## ASSIGNED TASK:
Once you reach the line containing "Designfabrik Hamburg Garderobenhaken" in the entries below, write out that line and each one after it down to the line containing "6165 ISLA VERDE AVE. #853", exactly and with nothing added.
--- SUPPLIED DATA Enclosed Below ---
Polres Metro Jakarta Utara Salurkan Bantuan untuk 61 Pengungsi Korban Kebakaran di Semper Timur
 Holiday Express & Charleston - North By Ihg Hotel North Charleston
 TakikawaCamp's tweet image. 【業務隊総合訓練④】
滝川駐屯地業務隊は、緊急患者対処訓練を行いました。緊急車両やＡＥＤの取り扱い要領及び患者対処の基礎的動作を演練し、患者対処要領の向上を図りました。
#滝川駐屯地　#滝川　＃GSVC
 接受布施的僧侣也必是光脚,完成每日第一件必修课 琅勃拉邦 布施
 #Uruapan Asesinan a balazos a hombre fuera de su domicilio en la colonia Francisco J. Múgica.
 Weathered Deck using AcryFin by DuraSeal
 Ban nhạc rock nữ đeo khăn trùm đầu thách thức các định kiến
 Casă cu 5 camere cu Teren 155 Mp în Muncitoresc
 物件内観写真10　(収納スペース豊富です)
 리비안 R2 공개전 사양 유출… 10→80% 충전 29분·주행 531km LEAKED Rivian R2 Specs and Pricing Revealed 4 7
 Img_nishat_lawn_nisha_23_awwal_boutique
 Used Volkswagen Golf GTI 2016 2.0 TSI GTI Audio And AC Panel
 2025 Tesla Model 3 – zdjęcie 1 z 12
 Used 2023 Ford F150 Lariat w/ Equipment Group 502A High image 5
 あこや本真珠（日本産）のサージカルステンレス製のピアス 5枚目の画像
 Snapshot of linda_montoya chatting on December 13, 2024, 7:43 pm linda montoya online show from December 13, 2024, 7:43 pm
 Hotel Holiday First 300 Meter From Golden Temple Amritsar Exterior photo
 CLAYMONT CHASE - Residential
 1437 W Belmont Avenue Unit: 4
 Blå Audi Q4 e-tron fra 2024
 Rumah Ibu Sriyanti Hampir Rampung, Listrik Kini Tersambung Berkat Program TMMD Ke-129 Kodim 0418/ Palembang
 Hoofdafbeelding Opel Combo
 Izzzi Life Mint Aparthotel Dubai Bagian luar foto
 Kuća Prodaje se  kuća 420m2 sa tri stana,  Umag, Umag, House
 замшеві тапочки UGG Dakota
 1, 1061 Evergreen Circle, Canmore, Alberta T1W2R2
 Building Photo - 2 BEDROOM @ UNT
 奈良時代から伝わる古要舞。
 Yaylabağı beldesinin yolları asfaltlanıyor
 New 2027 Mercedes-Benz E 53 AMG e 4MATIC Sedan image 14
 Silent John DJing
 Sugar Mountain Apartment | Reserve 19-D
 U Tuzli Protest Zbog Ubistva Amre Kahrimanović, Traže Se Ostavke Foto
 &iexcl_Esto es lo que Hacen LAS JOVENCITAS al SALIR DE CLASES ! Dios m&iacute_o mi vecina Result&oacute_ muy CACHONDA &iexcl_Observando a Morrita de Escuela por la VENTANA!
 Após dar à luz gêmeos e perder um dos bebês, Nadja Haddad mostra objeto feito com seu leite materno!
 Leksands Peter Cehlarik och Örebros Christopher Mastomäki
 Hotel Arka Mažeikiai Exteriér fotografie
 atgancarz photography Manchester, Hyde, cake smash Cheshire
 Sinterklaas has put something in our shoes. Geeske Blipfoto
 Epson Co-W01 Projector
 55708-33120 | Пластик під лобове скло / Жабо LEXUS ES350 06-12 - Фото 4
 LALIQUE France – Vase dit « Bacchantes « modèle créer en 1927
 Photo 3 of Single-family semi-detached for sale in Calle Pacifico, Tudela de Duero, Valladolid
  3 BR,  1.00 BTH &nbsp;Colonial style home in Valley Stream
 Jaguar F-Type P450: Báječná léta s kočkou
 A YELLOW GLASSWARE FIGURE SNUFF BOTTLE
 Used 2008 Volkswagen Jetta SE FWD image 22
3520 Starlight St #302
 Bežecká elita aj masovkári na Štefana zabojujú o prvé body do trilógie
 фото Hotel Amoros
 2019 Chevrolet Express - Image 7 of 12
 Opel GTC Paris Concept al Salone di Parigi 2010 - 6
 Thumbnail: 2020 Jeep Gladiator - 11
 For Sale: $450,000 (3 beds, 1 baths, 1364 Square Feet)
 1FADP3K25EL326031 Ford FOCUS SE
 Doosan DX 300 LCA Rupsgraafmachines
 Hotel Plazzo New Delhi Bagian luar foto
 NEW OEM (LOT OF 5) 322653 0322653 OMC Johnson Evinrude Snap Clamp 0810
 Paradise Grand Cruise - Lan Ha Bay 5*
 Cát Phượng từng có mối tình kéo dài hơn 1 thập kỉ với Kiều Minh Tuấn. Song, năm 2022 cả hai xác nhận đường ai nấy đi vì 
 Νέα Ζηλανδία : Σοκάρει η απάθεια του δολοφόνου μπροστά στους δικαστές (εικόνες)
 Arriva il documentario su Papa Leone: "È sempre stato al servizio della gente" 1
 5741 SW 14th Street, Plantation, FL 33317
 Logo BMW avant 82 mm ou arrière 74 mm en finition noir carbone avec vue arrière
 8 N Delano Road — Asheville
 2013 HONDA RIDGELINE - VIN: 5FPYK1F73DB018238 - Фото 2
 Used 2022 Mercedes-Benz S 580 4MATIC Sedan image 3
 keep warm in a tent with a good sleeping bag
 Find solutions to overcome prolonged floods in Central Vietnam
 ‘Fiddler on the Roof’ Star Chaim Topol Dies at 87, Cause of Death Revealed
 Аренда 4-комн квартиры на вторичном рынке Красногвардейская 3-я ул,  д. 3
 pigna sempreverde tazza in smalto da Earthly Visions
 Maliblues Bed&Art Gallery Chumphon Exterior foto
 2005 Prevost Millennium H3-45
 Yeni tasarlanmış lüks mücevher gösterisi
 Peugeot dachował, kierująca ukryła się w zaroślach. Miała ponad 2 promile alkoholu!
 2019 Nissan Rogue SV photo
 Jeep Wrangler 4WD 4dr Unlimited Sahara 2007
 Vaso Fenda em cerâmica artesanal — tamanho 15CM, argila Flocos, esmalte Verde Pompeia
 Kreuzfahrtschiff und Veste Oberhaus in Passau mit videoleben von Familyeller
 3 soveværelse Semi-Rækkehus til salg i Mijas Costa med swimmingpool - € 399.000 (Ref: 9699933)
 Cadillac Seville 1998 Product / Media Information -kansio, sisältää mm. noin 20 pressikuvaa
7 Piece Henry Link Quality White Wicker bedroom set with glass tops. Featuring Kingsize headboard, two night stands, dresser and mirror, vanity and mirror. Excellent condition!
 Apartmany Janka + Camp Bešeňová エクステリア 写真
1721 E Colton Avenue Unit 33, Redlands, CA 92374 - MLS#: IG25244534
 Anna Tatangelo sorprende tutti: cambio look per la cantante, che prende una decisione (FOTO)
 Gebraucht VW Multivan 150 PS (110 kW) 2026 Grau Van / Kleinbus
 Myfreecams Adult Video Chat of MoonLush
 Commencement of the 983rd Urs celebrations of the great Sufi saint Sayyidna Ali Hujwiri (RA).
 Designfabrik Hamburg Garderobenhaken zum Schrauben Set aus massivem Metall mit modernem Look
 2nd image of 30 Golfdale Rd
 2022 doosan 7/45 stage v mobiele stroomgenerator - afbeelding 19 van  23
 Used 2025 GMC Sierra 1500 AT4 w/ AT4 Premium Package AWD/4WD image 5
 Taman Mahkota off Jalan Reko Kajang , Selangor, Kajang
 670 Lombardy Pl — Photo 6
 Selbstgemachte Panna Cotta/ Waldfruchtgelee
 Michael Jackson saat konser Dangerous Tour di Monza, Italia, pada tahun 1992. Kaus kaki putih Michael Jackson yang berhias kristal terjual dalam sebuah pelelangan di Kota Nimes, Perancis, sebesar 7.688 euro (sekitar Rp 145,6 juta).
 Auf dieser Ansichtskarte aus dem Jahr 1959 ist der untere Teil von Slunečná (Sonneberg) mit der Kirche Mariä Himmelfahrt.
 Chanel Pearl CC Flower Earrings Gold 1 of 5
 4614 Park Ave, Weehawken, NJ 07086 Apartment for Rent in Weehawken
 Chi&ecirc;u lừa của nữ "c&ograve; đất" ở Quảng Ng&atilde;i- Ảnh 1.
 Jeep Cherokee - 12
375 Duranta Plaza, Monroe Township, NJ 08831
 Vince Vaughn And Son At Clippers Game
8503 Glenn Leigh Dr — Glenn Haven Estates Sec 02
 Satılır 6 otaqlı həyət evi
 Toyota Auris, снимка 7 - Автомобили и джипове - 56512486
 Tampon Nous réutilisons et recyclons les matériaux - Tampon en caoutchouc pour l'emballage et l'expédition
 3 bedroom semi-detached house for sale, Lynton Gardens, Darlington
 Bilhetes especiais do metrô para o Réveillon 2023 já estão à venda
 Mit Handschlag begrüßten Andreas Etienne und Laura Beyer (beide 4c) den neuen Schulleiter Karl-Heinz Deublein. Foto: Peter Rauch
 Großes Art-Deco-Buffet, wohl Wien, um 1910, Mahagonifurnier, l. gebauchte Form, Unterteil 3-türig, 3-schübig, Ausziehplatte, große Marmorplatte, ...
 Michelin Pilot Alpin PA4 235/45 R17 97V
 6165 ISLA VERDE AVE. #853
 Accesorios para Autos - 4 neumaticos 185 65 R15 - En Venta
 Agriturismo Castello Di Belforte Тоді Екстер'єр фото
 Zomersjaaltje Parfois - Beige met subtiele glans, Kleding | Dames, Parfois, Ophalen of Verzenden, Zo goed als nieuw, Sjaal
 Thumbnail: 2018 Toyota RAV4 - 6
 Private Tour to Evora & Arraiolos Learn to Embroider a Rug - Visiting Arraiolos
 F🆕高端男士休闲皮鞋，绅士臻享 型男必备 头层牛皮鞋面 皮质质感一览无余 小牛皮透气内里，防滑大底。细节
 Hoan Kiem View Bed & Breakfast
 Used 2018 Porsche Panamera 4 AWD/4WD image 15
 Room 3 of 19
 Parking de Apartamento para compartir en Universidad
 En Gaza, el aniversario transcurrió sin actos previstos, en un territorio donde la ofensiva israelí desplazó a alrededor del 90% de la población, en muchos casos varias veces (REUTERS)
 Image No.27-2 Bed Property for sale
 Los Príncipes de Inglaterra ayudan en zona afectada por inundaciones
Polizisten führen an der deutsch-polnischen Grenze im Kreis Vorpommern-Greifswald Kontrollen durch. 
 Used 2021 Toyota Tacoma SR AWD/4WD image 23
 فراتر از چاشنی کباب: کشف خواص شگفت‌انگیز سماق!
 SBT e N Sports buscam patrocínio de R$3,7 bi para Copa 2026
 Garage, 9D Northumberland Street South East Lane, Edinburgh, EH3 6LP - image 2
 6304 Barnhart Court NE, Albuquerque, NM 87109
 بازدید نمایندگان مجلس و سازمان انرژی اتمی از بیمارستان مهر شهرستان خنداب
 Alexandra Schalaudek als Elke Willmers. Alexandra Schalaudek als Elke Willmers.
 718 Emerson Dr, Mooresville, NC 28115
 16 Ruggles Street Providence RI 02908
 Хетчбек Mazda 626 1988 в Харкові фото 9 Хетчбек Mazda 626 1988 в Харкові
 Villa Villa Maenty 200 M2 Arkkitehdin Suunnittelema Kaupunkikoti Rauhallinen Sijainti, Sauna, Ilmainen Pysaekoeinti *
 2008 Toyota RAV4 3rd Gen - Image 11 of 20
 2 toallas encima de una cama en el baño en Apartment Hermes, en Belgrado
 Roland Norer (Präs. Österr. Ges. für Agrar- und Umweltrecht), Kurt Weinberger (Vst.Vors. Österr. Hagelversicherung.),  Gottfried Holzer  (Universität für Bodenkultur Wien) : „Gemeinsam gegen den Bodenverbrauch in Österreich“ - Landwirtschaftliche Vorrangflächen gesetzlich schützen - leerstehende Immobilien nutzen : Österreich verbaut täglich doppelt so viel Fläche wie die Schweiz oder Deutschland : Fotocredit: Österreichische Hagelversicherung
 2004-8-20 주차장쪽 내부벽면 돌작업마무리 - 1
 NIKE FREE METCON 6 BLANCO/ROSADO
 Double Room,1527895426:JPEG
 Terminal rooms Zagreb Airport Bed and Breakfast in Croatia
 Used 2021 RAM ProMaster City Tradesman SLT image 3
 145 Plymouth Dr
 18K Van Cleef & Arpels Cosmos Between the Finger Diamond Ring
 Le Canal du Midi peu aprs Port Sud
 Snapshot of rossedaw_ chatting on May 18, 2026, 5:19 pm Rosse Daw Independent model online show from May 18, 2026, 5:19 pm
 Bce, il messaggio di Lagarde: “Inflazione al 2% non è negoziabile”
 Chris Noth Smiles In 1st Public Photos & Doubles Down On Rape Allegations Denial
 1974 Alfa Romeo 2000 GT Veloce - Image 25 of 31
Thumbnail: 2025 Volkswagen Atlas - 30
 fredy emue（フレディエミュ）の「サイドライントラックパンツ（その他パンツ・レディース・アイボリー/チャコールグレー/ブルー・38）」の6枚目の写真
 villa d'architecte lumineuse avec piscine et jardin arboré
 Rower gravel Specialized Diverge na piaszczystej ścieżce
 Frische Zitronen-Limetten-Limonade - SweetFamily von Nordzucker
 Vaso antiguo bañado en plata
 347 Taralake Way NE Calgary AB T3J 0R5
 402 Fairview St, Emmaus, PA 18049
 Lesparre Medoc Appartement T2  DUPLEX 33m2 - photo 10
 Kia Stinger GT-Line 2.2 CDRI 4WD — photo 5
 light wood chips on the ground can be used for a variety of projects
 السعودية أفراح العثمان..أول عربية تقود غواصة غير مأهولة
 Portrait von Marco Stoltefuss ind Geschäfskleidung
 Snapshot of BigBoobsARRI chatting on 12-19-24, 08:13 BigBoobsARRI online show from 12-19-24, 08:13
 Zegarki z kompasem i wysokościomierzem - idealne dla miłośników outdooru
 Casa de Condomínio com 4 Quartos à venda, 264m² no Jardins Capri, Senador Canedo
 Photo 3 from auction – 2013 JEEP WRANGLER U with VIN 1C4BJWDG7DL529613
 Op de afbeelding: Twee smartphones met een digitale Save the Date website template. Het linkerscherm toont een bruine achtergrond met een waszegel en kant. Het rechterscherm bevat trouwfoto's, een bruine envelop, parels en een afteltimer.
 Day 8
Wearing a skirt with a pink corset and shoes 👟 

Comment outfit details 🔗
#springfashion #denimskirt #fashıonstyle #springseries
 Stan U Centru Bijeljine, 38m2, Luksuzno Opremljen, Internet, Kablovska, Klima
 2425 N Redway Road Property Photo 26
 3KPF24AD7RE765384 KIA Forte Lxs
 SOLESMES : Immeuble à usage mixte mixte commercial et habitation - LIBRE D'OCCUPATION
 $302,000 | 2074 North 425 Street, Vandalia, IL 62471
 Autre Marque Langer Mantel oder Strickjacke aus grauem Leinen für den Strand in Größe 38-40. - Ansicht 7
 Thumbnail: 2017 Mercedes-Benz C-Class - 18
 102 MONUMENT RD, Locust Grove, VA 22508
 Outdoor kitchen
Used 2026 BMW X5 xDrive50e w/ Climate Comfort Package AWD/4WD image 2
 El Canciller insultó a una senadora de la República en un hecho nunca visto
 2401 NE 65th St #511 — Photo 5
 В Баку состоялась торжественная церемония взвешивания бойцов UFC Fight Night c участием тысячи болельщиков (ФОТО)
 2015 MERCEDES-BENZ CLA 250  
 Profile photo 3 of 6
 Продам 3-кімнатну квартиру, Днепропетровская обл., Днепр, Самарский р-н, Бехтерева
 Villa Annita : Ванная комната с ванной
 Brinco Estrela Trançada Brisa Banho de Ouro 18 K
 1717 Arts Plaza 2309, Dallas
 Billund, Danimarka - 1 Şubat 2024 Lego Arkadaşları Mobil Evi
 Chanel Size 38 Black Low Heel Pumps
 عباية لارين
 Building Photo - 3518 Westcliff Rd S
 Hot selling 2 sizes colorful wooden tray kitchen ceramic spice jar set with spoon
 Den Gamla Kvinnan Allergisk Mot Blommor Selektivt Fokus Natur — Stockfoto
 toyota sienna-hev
--- End of Enclosed SUPPLIED DATA ---
## EXERCISE ANSWER:
 Designfabrik Hamburg Garderobenhaken zum Schrauben Set aus massivem Metall mit modernem Look
 2nd image of 30 Golfdale Rd
 2022 doosan 7/45 stage v mobiele stroomgenerator - afbeelding 19 van  23
 Used 2025 GMC Sierra 1500 AT4 w/ AT4 Premium Package AWD/4WD image 5
 Taman Mahkota off Jalan Reko Kajang , Selangor, Kajang
 670 Lombardy Pl — Photo 6
 Selbstgemachte Panna Cotta/ Waldfruchtgelee
 Michael Jackson saat konser Dangerous Tour di Monza, Italia, pada tahun 1992. Kaus kaki putih Michael Jackson yang berhias kristal terjual dalam sebuah pelelangan di Kota Nimes, Perancis, sebesar 7.688 euro (sekitar Rp 145,6 juta).
 Auf dieser Ansichtskarte aus dem Jahr 1959 ist der untere Teil von Slunečná (Sonneberg) mit der Kirche Mariä Himmelfahrt.
 Chanel Pearl CC Flower Earrings Gold 1 of 5
 4614 Park Ave, Weehawken, NJ 07086 Apartment for Rent in Weehawken
 Chi&ecirc;u lừa của nữ "c&ograve; đất" ở Quảng Ng&atilde;i- Ảnh 1.
 Jeep Cherokee - 12
375 Duranta Plaza, Monroe Township, NJ 08831
 Vince Vaughn And Son At Clippers Game
8503 Glenn Leigh Dr — Glenn Haven Estates Sec 02
 Satılır 6 otaqlı həyət evi
 Toyota Auris, снимка 7 - Автомобили и джипове - 56512486
 Tampon Nous réutilisons et recyclons les matériaux - Tampon en caoutchouc pour l'emballage et l'expédition
 3 bedroom semi-detached house for sale, Lynton Gardens, Darlington
 Bilhetes especiais do metrô para o Réveillon 2023 já estão à venda
 Mit Handschlag begrüßten Andreas Etienne und Laura Beyer (beide 4c) den neuen Schulleiter Karl-Heinz Deublein. Foto: Peter Rauch
 Großes Art-Deco-Buffet, wohl Wien, um 1910, Mahagonifurnier, l. gebauchte Form, Unterteil 3-türig, 3-schübig, Ausziehplatte, große Marmorplatte, ...
 Michelin Pilot Alpin PA4 235/45 R17 97V
 6165 ISLA VERDE AVE. #853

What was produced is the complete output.